• **What needs to be done**:
What lines of the data include the string "Plate"? Copy them all.

• **Provided records**:
□ □ □ □ □
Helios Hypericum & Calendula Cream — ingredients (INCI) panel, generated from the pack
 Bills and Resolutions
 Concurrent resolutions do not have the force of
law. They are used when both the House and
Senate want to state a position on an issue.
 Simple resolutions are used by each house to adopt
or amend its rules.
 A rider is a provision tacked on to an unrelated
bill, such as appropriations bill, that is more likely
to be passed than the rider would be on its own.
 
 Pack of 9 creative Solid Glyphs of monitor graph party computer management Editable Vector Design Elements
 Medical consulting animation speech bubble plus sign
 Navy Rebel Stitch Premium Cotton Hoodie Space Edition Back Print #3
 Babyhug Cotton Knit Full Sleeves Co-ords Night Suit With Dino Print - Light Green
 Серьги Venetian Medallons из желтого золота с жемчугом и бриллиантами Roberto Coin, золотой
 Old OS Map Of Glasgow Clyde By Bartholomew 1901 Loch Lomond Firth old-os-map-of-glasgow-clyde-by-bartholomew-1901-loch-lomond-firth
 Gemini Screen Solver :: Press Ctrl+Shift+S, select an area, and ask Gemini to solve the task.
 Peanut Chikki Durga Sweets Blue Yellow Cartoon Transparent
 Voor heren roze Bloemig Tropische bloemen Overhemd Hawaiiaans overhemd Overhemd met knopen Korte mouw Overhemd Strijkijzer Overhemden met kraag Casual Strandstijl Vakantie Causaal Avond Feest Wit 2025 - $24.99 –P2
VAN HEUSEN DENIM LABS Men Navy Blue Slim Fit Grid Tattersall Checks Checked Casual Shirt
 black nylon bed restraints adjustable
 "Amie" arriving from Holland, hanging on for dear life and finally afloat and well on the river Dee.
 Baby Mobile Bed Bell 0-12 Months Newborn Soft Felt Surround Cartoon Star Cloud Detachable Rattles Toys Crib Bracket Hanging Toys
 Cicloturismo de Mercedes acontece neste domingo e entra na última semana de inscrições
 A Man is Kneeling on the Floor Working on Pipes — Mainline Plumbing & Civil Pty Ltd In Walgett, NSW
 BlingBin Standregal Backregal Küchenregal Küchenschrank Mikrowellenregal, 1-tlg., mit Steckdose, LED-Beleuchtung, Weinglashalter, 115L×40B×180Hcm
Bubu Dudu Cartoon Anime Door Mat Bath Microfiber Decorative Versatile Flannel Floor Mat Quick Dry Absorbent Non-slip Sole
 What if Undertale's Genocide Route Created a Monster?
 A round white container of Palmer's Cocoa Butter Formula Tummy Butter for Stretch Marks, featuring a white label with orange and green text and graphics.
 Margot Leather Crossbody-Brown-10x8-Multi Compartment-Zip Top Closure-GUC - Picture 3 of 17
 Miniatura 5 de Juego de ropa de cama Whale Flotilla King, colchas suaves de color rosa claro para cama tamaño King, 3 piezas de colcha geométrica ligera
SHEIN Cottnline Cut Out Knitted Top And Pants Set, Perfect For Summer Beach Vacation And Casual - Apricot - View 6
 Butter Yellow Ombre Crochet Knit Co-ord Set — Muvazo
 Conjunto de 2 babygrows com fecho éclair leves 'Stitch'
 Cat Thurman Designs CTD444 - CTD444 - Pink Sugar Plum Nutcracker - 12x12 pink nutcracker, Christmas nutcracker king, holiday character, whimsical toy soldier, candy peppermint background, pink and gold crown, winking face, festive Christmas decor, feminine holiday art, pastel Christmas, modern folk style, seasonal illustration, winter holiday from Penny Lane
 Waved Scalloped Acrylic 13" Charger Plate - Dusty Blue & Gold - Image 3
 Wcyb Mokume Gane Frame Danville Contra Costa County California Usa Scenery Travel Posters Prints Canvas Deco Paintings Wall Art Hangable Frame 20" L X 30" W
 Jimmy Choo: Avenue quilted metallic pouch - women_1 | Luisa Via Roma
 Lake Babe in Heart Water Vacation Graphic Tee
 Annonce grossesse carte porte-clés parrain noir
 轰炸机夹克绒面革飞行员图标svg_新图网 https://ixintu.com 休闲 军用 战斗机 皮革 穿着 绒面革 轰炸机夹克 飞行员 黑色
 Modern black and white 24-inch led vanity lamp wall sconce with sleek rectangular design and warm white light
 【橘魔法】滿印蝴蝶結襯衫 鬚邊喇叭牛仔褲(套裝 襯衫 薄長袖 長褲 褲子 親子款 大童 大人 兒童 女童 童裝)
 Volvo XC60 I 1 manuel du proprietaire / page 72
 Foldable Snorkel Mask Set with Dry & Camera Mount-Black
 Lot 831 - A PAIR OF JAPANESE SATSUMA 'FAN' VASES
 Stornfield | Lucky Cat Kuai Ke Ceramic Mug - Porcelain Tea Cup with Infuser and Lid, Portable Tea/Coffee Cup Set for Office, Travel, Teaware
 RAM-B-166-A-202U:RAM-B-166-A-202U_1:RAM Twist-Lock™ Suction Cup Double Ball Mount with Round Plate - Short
□ □ □ □ □
• **Exercise answer**:
 Waved Scalloped Acrylic 13" Charger Plate - Dusty Blue & Gold - Image 3
 RAM-B-166-A-202U:RAM-B-166-A-202U_1:RAM Twist-Lock™ Suction Cup Double Ball Mount with Round Plate - Short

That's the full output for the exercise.